* _Excerpted records_:
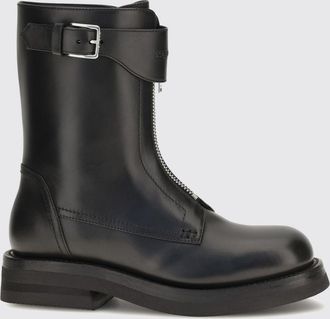Alexander McQueen McQueen Stivali biker in pelle di vitello con zip e cinturino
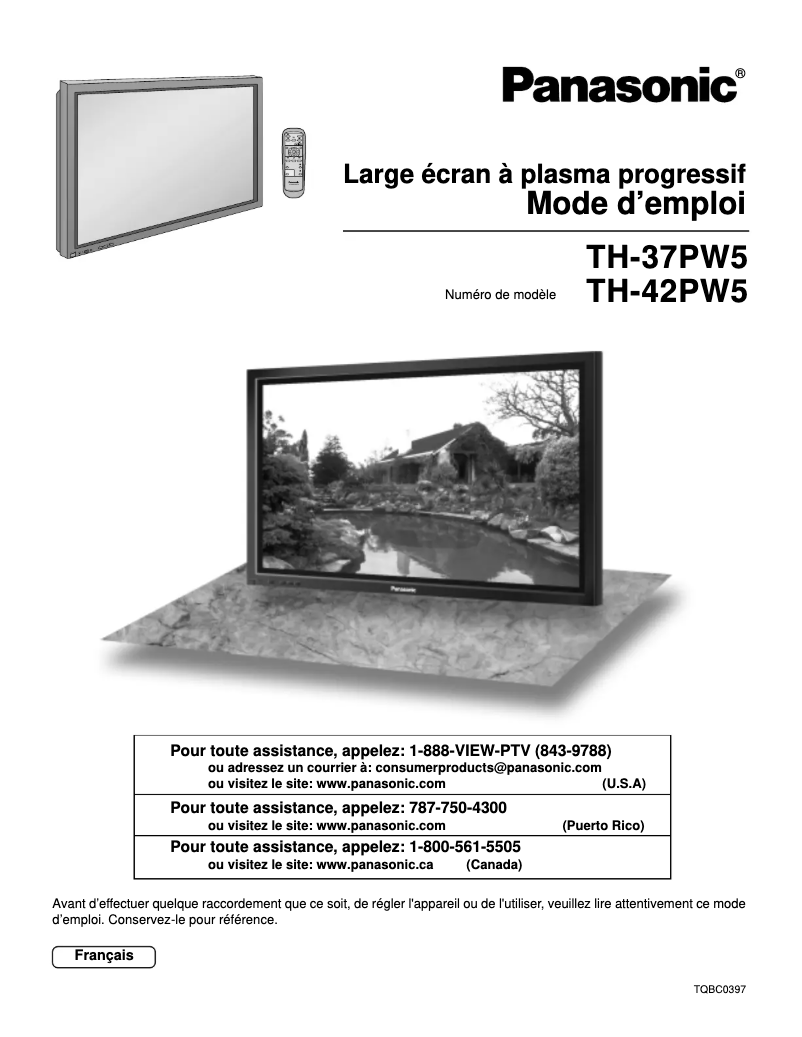 Image de la première page du manuel de l'appareil TH-42PW5UZ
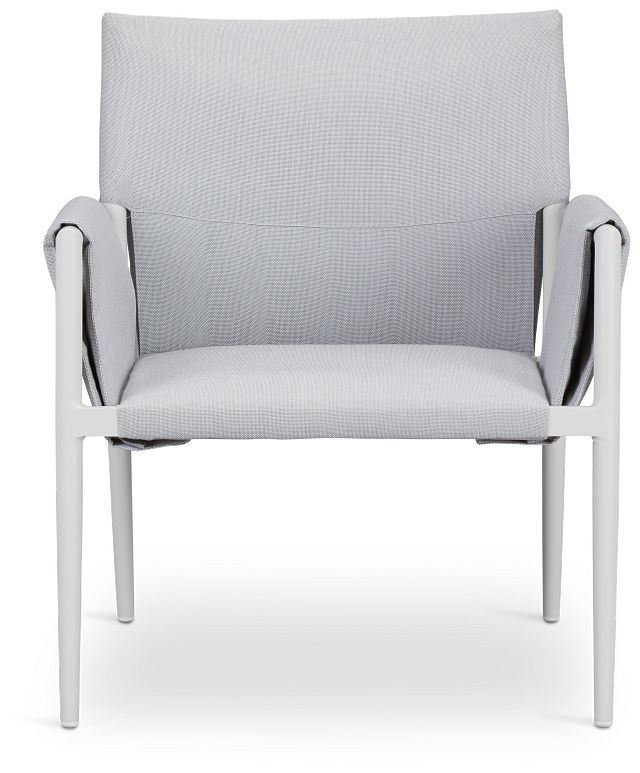 Barbados White Aluminum Sling Arm Chair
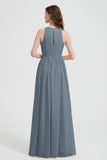 Jewel Chiffon A Line Bridesmaid Dress Floor Length Formal Evening Dresses Ruched Split Up
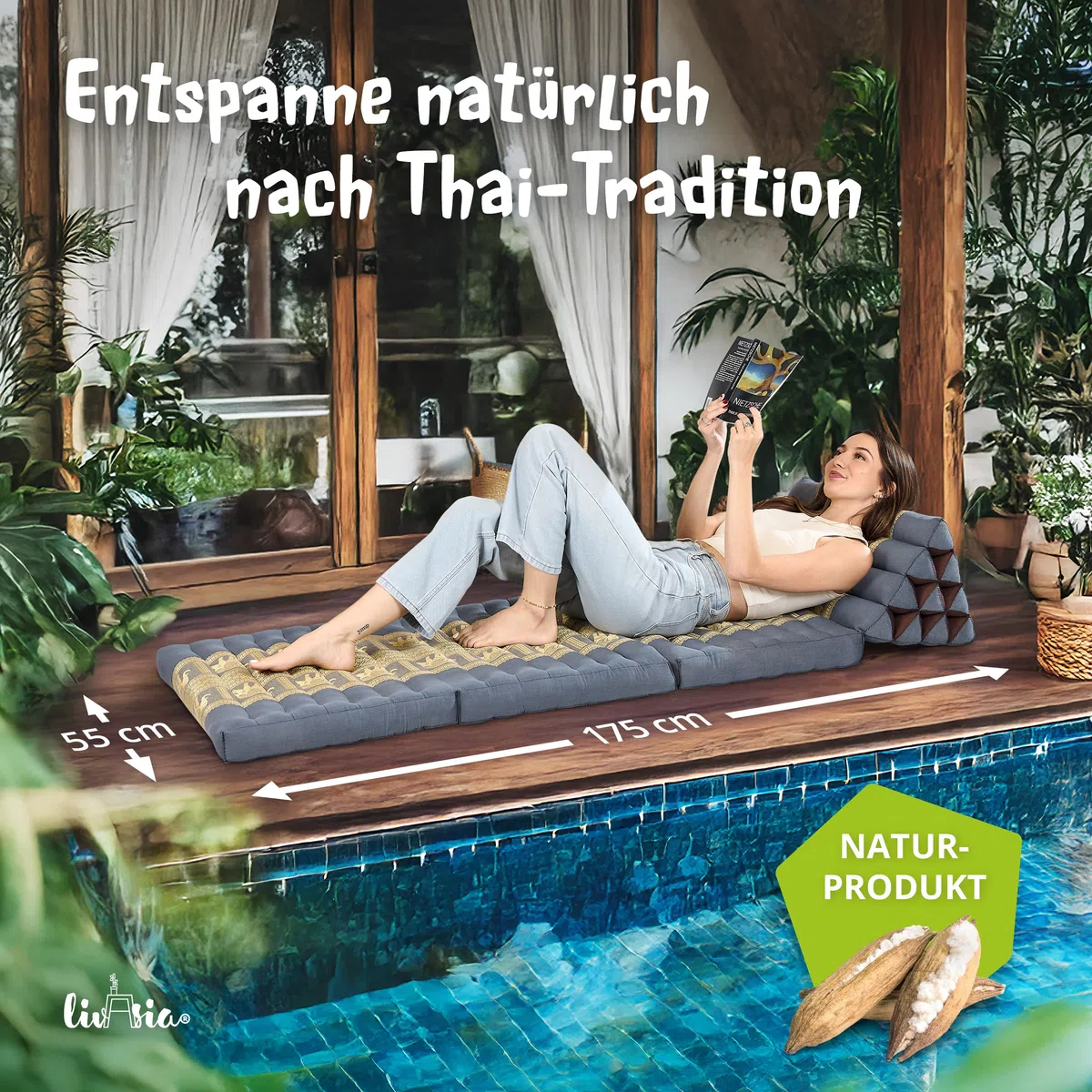 livasia Thaikissen 3 Auflagen Thaiseide - 175x55x8cm - Dreieckskissen mit Klappmatratze, Rückenkissen faltbar, Thaimatte zum Klappen, Kapok handgefertigt, Meditationskissen (Grau/Elefanten Seide)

* _Instructions for the task_: Your copy must hold exactly the lines from the one with "Barbados White Aluminum Sling Arm Chair" to the end of the records above, both included, and no pictures.

* _Worked solution_:
 Barbados White Aluminum Sling Arm Chair
 Jewel Chiffon A Line Bridesmaid Dress Floor Length Formal Evening Dresses Ruched Split Up
 livasia Thaikissen 3 Auflagen Thaiseide - 175x55x8cm - Dreieckskissen mit Klappmatratze, Rückenkissen faltbar, Thaimatte zum Klappen, Kapok handgefertigt, Meditationskissen (Grau/Elefanten Seide)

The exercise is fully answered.